Прочистив горло, он поднял глаза и, оглядев собравшихся, продолжил:
— С рассветом я предложу им сдаться. У нас есть предмет для торга — сын Телемаха. Однако можно предположить, что, даже если сам Телемах и будет готов пожертвовать всем ради спасения сына, его подчиненные посмотрят на это иначе и дадут понять, что такой выбор их не устраивает. Поэтому мне представляется весьма вероятным, что штурма цитадели не избежать. Мы не можем позволить себе долгую осаду: этим мы дали бы Телемаху время на то, чтобы найти способ скрыться, а допустить, чтобы он ускользнул и избежал возмездия, ни в коем случае нельзя. Иначе получится, что все наши товарищи, павшие в последний месяц, погибли напрасно.
Префект помедлил, и в это время со стороны крепости послышался глухой удар: очередной выстрел метательной машины.
— Обстрел продлится всю ночь, — промолвил Веспасиан. — Я надеюсь, к рассвету в стенах появятся проломы. Обрушившись, они частично завалят ров, но нам, конечно, все равно придется использовать фашины и приставные лестницы. Не стану притворяться, будто штурм будет легким и безболезненным, но дело должно быть сделано. Лучший способ сберечь жизни — это действовать быстро и напористо. — Он улыбнулся. — Чтобы никто не насмешничал, слыша, как я говорю «нам», объявляю, что лично приму участие в первом же приступе: поведу отряд, задачей которого будет попытаться захватить Телемаха в плен. Так что буду ждать этого момента с тем же нетерпением, что и вы.

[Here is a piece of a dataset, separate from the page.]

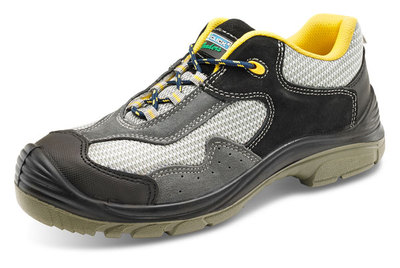 Click Traders Non-Metallic Safety Trainer Shoe c/w composit toe cap & mid sole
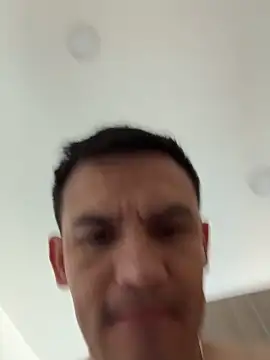 DARAyala online show from 11/21/25, 04:16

По рядам прокатился смех, и Веспасиан воспользовался некоторой переменой настроения, чтобы закончить инструктаж.
— Ну что ж, — промолвил он, поднимаясь. — Письменные приказы все получат позже.
Префект был готов распустить собравшихся, но тут полог в задней части шатра вдруг сдвинулся. Веспасиан обернулся к двум появившимся из темноты людям, и удивление на его лице спустя мгновение сменилось теплой улыбкой.
— Прошу прощения, командир, — проговорил центурион Катон. — Я что-нибудь пропустил?